What Have We Done To Preaching?

I do not speak here as an expert on the subject. I do not claim to be a decent preacher, either. I am quite grateful that my congregation comes back each Sunday morning to worship the Lord through the proclamation of His word despite my inadequacies. The Lord is really gracious.

Yet I need not be an expert with authority on the matter in order to observe and mention that we have really soiled preaching. In many different areas. The content, form and from the listeners -what to expect. Almost everything that comes from a pulpit or pastor has "sermon" or "preaching" tacked onto it. Anything from very well theologically informed academic lectures to self-help pep rallies devoid of any substantive biblical content. We simply proclaim any message from pastors (or others) as "preaching." Congregants have long been accustomed to sitting through some of these (I know, I know people may say the same about me) lectures and pep rallies that when, by chance, they do come across preaching they are not quite sure what is going on. Their first thought may be "who is this clown yelling at me?" 

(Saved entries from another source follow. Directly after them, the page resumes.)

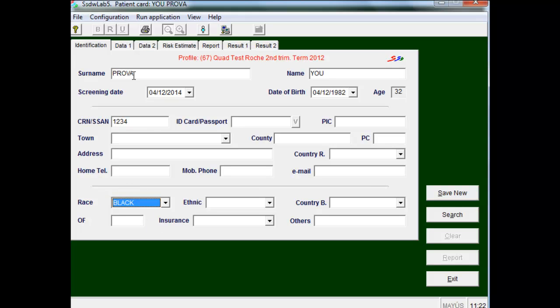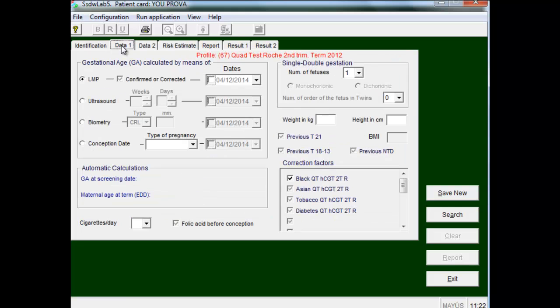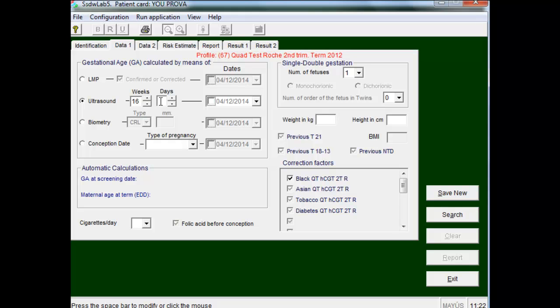In the next folder we will introduce the gestational age of the patient, and the weeks and days of gestation will appear. The number of fetuses will be a single fetus. Also we introduce the weight of the patient, that is a correction factor.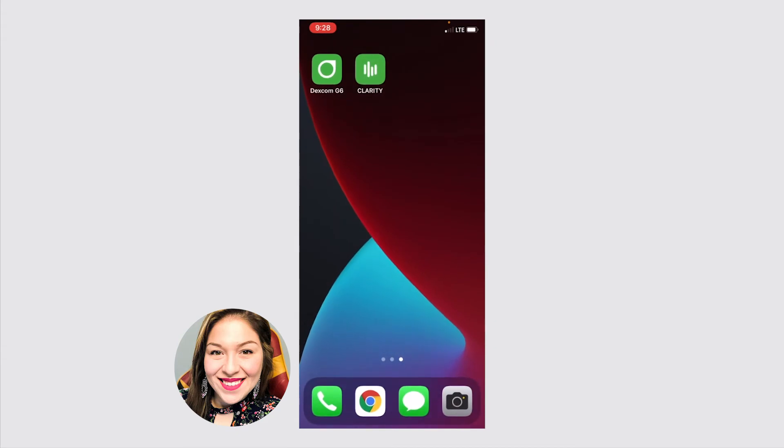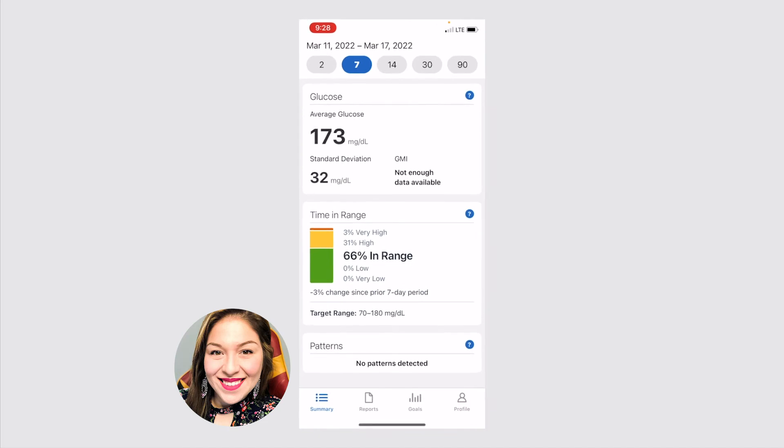Now, the other app, the Dexcom Clarity app, as I mentioned, is where all the information is stored after the 10 days are over. So as you change your sensor out every 10 days, the information is stored here in this app.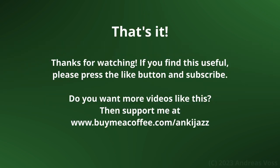That's it! If you find this useful, please press the like button and subscribe. Do you want more videos like this? Then support me at www.buymeacoffee.com/ankijazz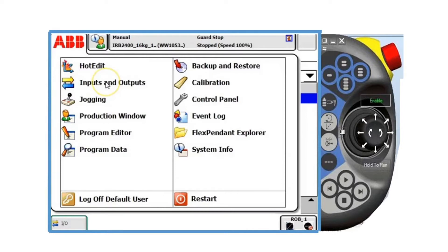You can also access calibration, control panel, event log, FlexPendant explorer, system information, log of default user, and restart.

I've often wondered how many today could endure sitting under the preaching of the Puritans? Or the Reformers? Even the early Church Fathers? How about the Apostles? As we read through Paul's letters it is obvious that he is not simply giving any cerebral message devoid of any passion. In fact he can get so passionate and worked up that he has been accused by grammarians of being improper at times. He sometimes  does not quite complete his thoughts before he is onto his next point. It is quite obvious that none of his preaching was self-help lectures. One simply needs to read Galatians and Romans to observe how theological and doctrinal he can get.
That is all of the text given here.